On Tuesday afternoon I scrolled down my phone onto the home page of the Globe to find that the eighth story down was a “Bold Types” piece. I first wrote about “Bold Types” in UnKoch My Boston Globe. It’s worshipful pabulum extolling the virtues of Boston CEOs. The series is advertising but produced by real reporters so it looks like actual news. Paid for. Paid for by Koch Industries. On the home page.
[Dear Boston Globe, could you please let me know if any other home page stories have corporate sponsorship? Just DM me, our secret].
But the home page doesn’t identify the piece as sponsored by Koch Industries. So I clicked on the headline and was brought to the text introduction to a video but the text page didn’t identify Koch Industries as the sponsor either. I courageously watched the entire eight minute video, Globe business reporter Janelle Nanos interviewing New England Aquarium CEO Vikki Spruill. Koch Industries is not identified until after the credits roll.
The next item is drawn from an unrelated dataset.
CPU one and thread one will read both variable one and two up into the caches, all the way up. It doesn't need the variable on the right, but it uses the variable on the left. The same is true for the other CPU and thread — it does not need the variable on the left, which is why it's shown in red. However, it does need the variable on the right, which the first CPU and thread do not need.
It’s standard marketing happy talk – CEOs as heroes, public salvation through enlightened management – the sort of soft focus dross you’d expect the Kochs to pay for. But . . .
The interview prattles on about the importance of oceans to our environment, rising waters, climate change, climate resilience, helping the ocean protect our planet, etc., etc.
Jesus Mary and Joseph, Spruill and Nanos, this drivel is being paid for by the Koch Brothers! Did anyone read Jane Mayer’s Dark Money? It was on the Globe’s best sellers list forever. No one has done more to promote climate denialism and harm our planet than the Kochs.
But you know, Spruill encourages us not to use plastic straws. It can make you feel “empowered.”
Nanos asks Spruill how many “Bold Types” bold decisions she’s had to make. Oh many, she says. For instance she’s had to stand up to big time scientists and tell them, “Do you think the public understands anything about what you just said?”
How about this? The next time the Globe comes to you and says we have some free advertising for you and you don’t have to pay a penny because IT’S PAID FOR BY THE KOCHS you could boldly respond, no goddamn way.
[Disclaimer: As an educator in the UMass system I am a union member. Usually I add here that I don’t write about education, I write about dark money. I guess I have to add that I also don’t write about journalism or the environment, I write about dark money. But since dark money is everywhere, I write about virtually everything].